# Downside of now bindings?



## Nivek (Jan 24, 2008)

No option for canting, the frames generally have narrow heelcups, no footbed adjustability. That's about it.


----------



## ek9max (Apr 8, 2013)

Do they feel a lot looser than regular bindings? Less stable because you're going from toe to heel too easily?

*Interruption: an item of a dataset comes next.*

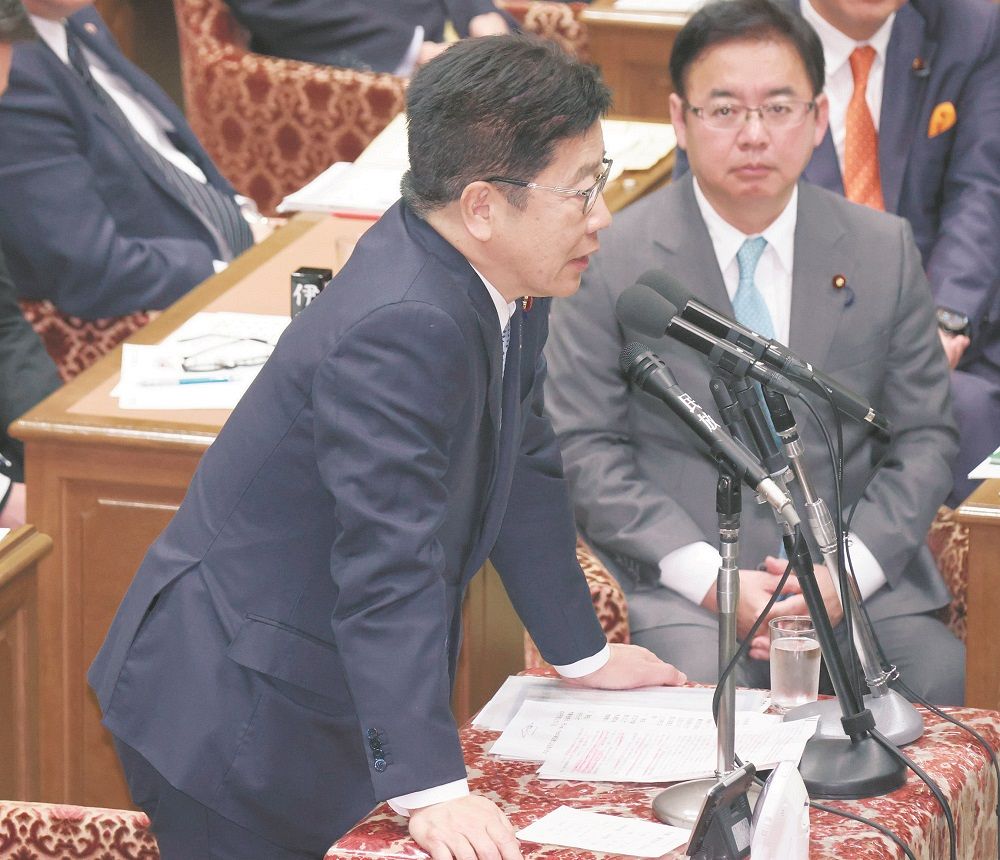 衆院予算委で質問する自民党の加藤勝信氏＝2月5日、国会で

I got the 15-16 pilots so the heel cup is bigger and fit my boots great.


----------



## Brewtown (Feb 16, 2014)

With the soft bushings there is a bit of heel to toe wobble, which is awesome when you want to lean into a hard carve, but less so for quick set up turns or when you're in the air. I only took a few laps on a friends IPOs and only with the soft bushings, so I'm sure you could get used to them and that wobble effect would be much less noticeable with the firmer bushings, but I generally did not care for them for any kind of park riding.


----------



## ridinbend (Aug 2, 2012)

Because the floating plate transfers the energy out to the edges, less ankle/foot work is required to get the board to respond. As a result it tends to be a bit more relaxed movement from side to side resulting in smoother ride.


----------



## ETM (Aug 11, 2009)

the ratchets are garbage


----------



## ek9max (Apr 8, 2013)

ETM said:


> the ratchets are garbage


Heard that too. This years pilots have ratchets 2.0. Hopefully they are good. They feel good so far. Haven't been on the hill yet though.


----------



## deagol (Mar 26, 2014)

ek9max said:


> Heard that too. This years pilots have ratchets 2.0. Hopefully they are good. They feel good so far. Haven't been on the hill yet though.


I can confirm that the toe ratchets suck, unfortunately. All it took me was one (yes, just one) toeside turn to cause the spring holding the buckle flat to break. 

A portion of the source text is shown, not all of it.